MVP = U0–U2: an Overview, a live feed, the approval queue, and a provable incident timeline. Two of those four are things Grafana and Kibana fundamentally cannot show — which is the whole point.


15. Open questions

  1. ClickHouse from U1, or start on SQLite and add it at U3/U6 when aggregation pain is real?
  2. Charting: commit to uPlot+ECharts, or start with Recharts for speed and swap hot panels later?

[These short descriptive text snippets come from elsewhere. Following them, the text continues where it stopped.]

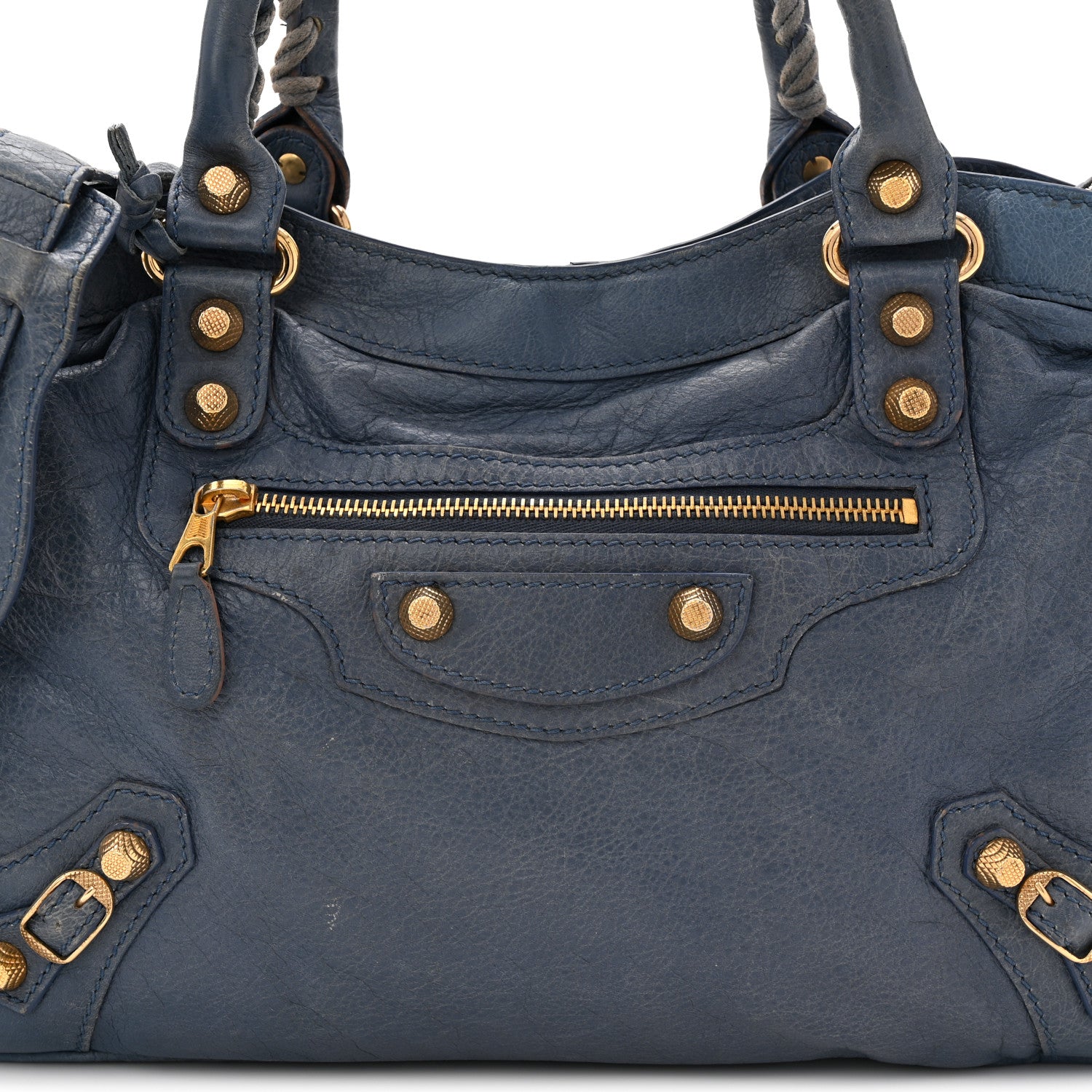 Balenciaga Agneau Giant 12 Gold Hardware Town Bleu Persan 9 of 13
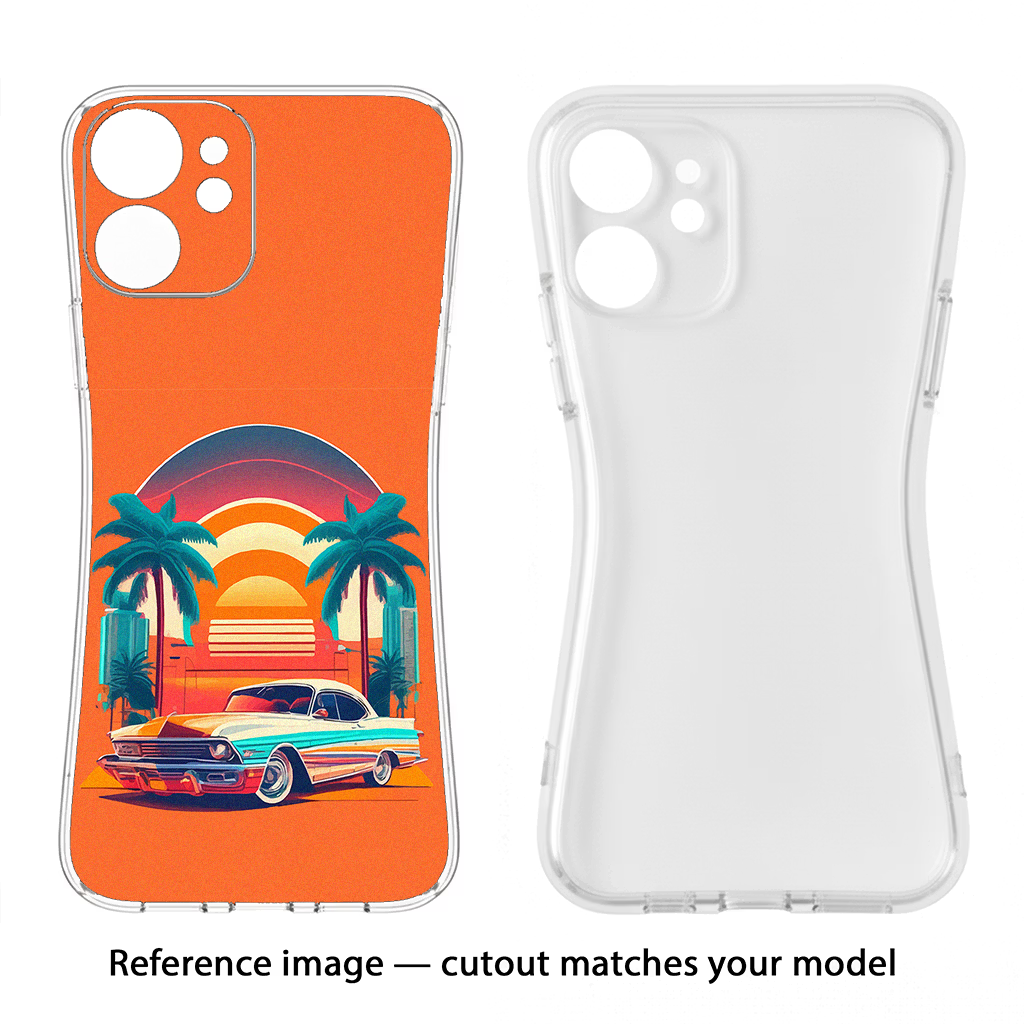 Palm Drive 80s Samsung S24 FE 5G Soft Case Back Cover by Casekaro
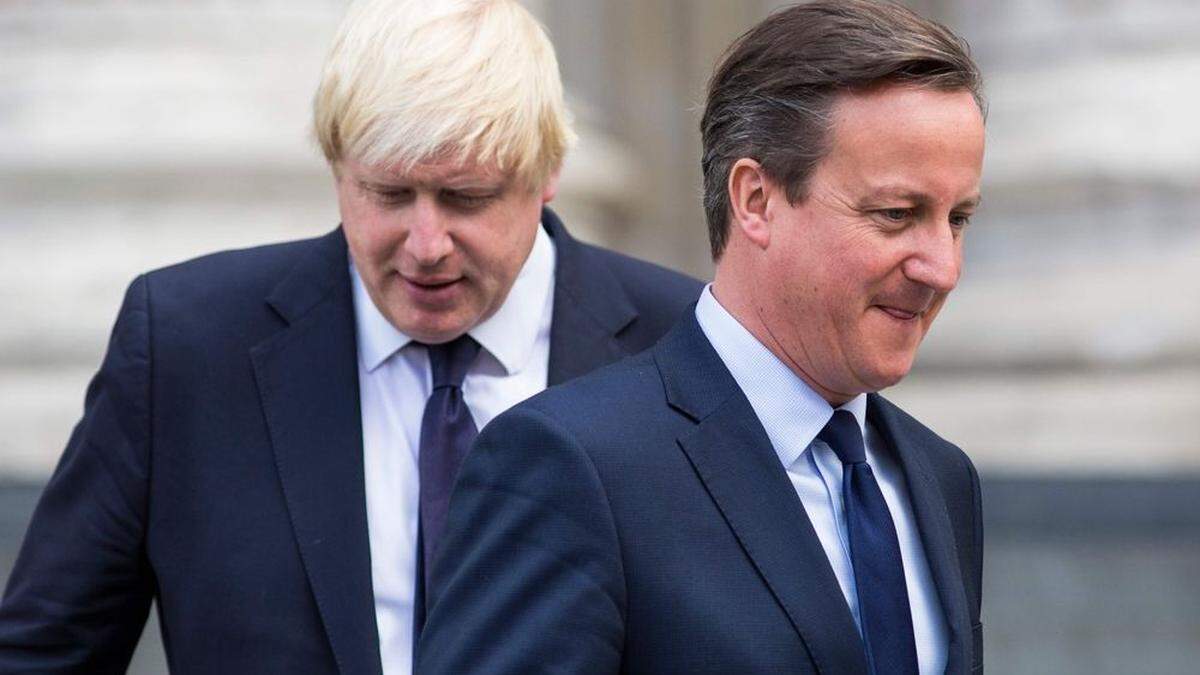 Langjährige Rivalen: Cameron und Johnson (links)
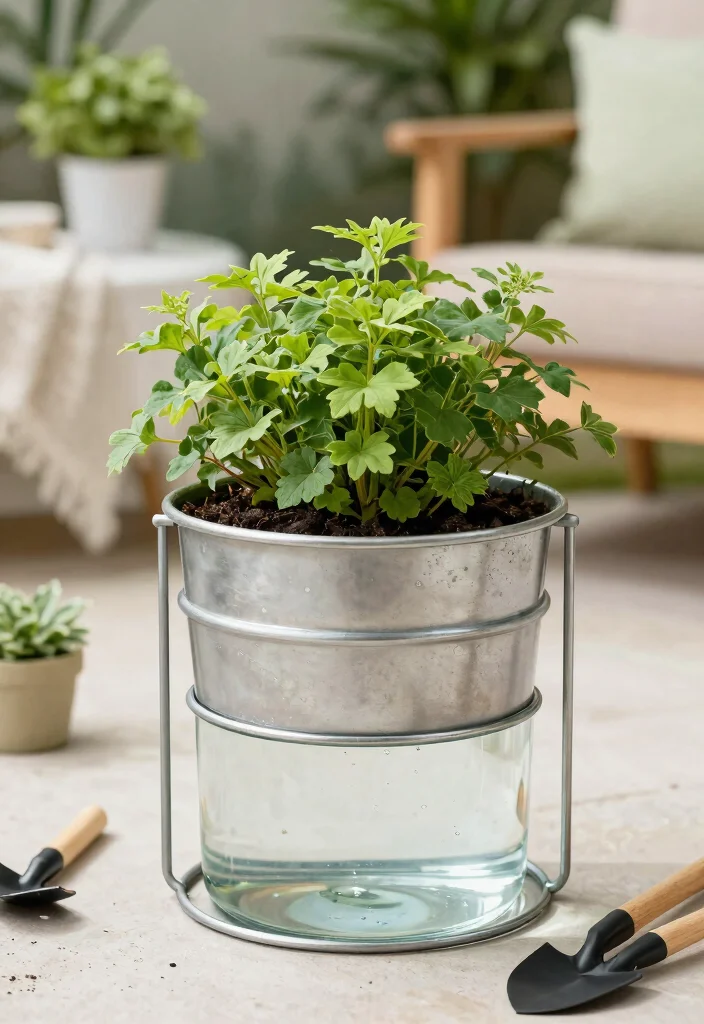 12 Metal Planter Boxes That Won't Rot or Split After One Season - 10. Self-Watering Metal Planters 1
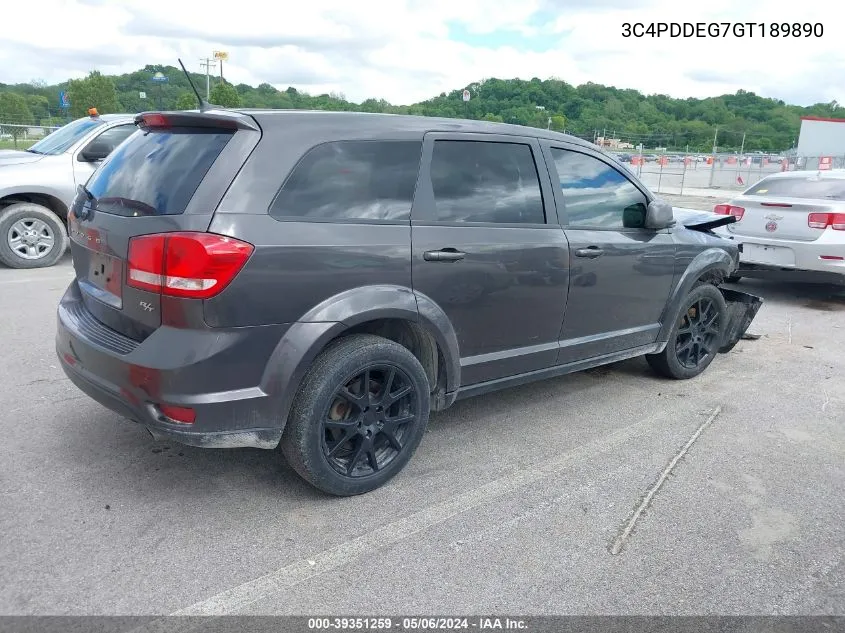 2016 Dodge Journey R/T VIN: 3C4PDDEG7GT189890 Lot: 39351259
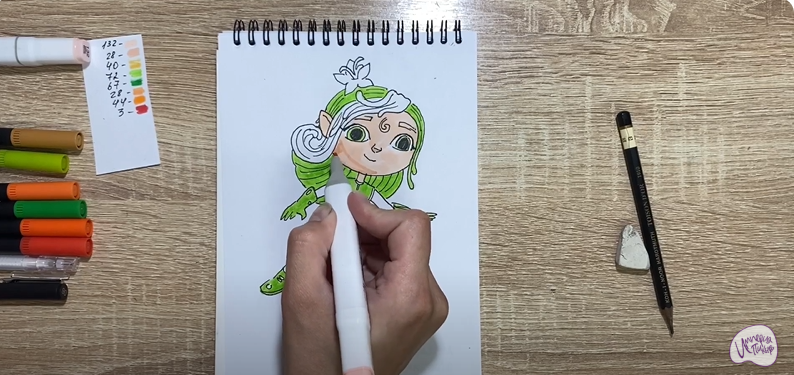 Рисуем Лия из "Команда Флоры"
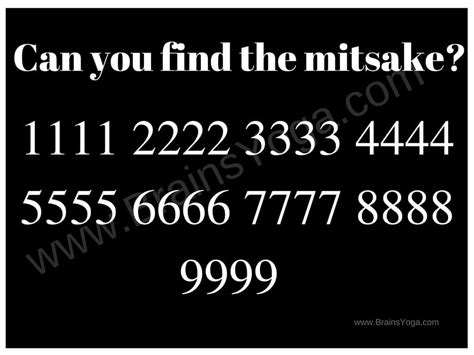 Can You Find The Mistake Visual Picture Puzzle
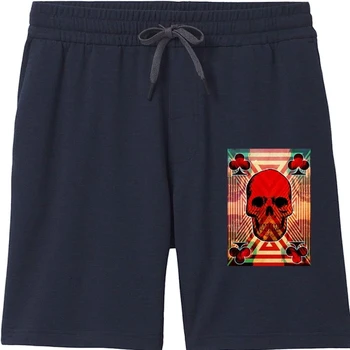 Мужские шорты Club Skull Emo с классическим круглым вырезом и короткими рукавами на выбор размеров и цветов мужские шорты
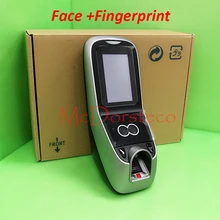 Биометрическое испанское меню контроль доступа лица Zk лицо посещаемость времени и управление доступом Лер Iface7 Multibio 700 двери безопасности управления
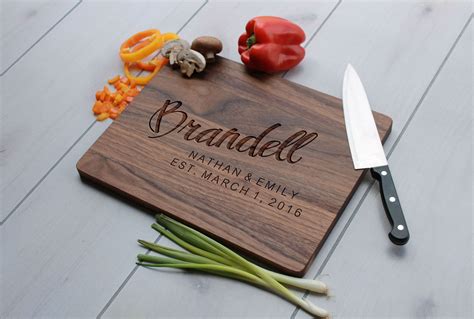Engraved Cutting Boards Wooden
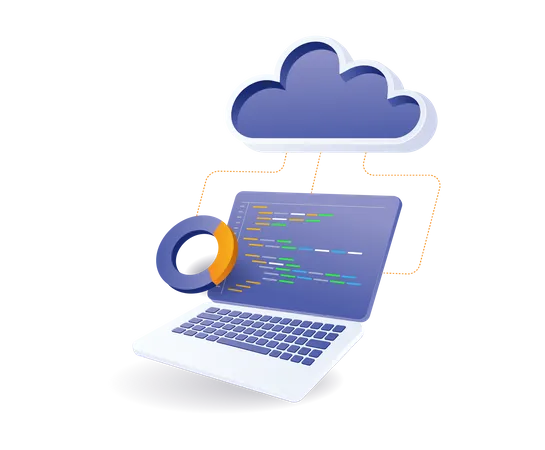 Cloud server programming language analysis  Illustration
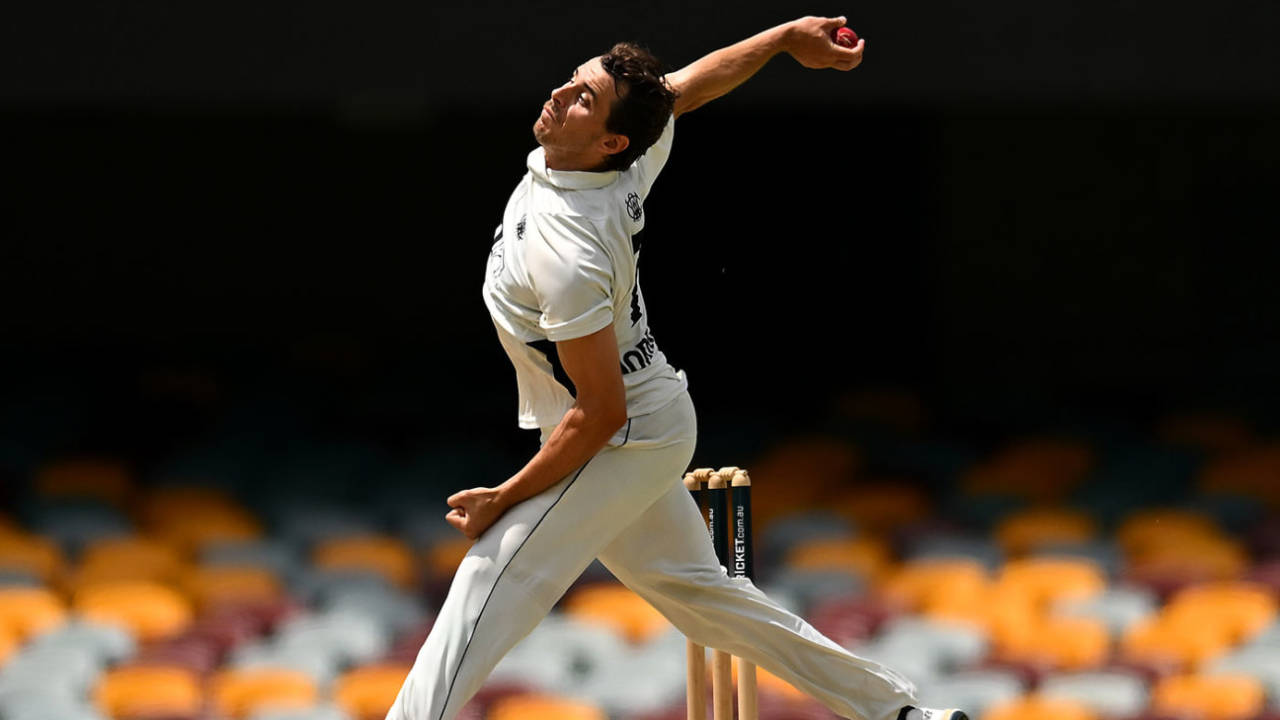 Lance Morris took three wickets as Queensland folded, Queensland vs Western Australia, Sheffield Shield, Gabba, February 20, 2025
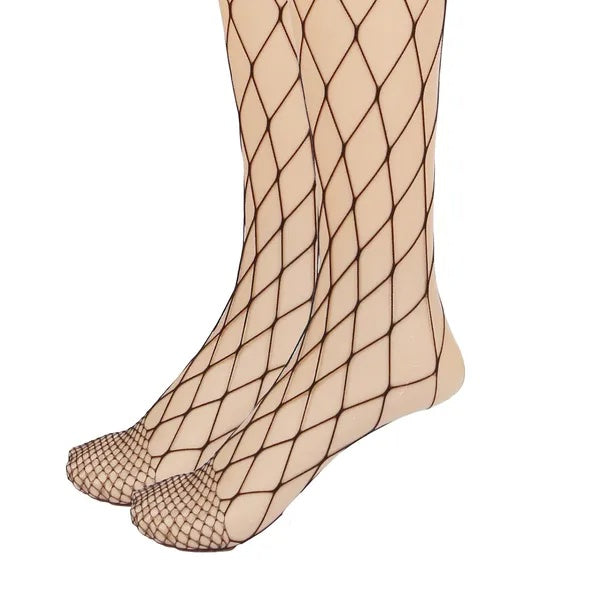 Women Fishnet Tights Sexy High Waist Fishnet Pantyhose Stretchy Mesh Hollow Out Tights Stockings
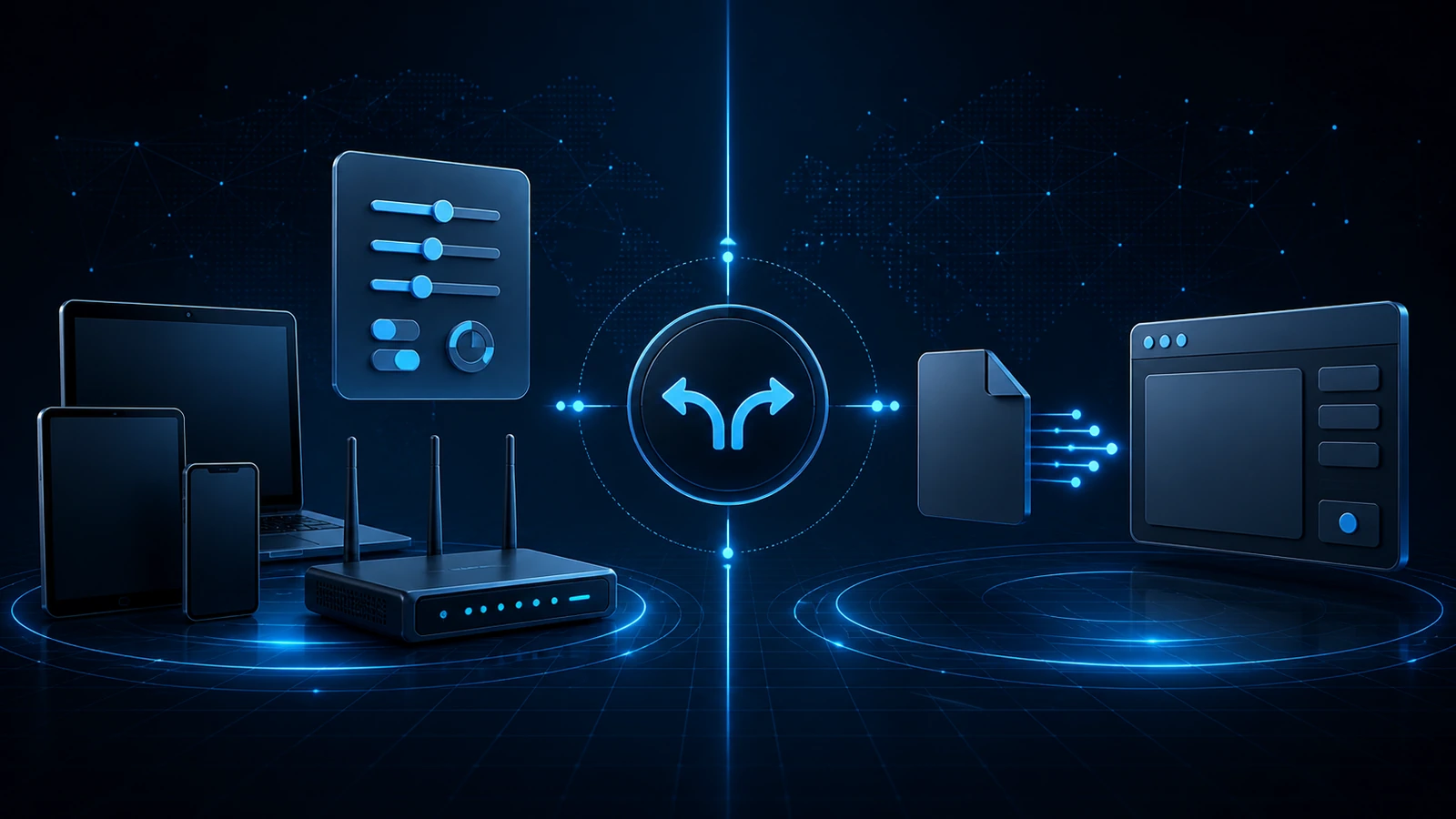 Illustration of compatibility-based L2TP/IPsec and OpenVPN setup paths for Lisar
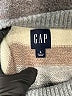 Gap Stripes Gray Turtleneck Sweater Size L - photo 7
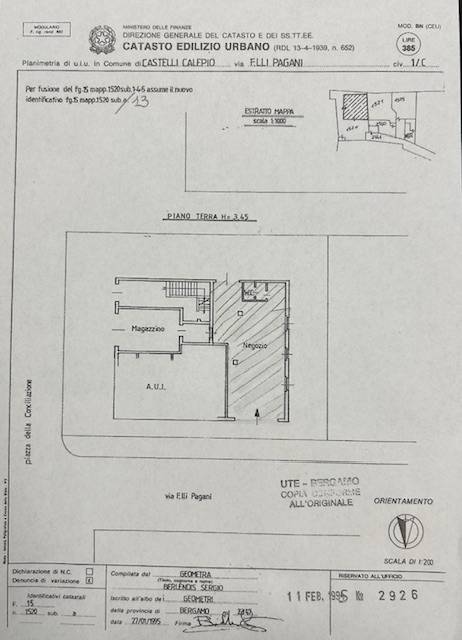 Alquiler Otras actividad comerciales Castelli Calepio CIVIDINO #CC352 n.2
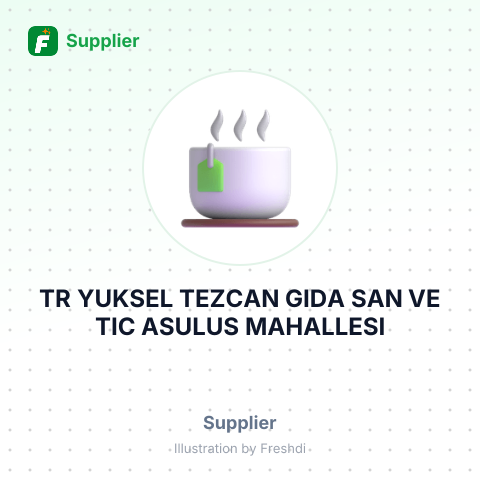 TR YUKSEL TEZCAN GIDA SAN VE TIC ASULUS MAHALLESI – summary card, no photo uploaded yet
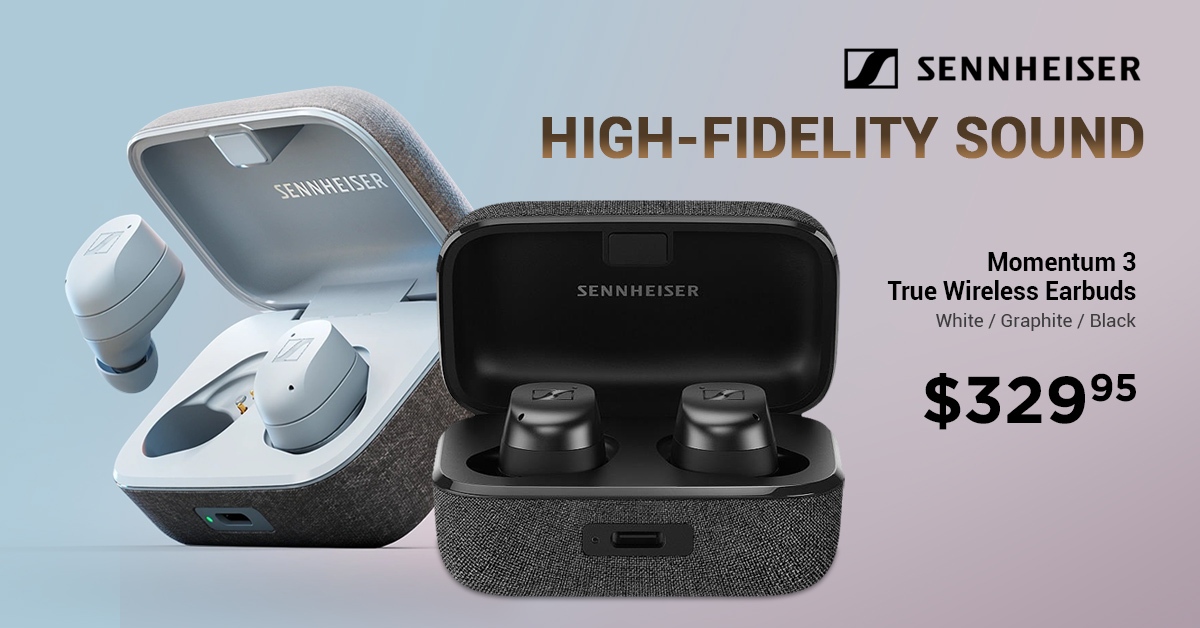 CC_Deals's tweet image. 🎶Experience premium sound quality and active noise cancelling with the Sennheiser Momentum True Wireless 3 earbuds. Listen to music like you never have before. 🔗bit.ly/3JSLC9X
---------
#Sennheiser #MomentumTrueWireless3 #UpgradeYourSound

  3. Embed the console in the single binary (static export served by the Rust gateway) for the self-hosted wedge, vs. a separate Node service for SaaS — or both?
  4. Dashboards-as-code format: invent a lean JSON, or adopt a Grafana-compatible subset so users can import existing boards?
  5. Real-time: SSE sufficient through U5, or do we need bidirectional WebSocket earlier (e.g., collaborative incident cases)?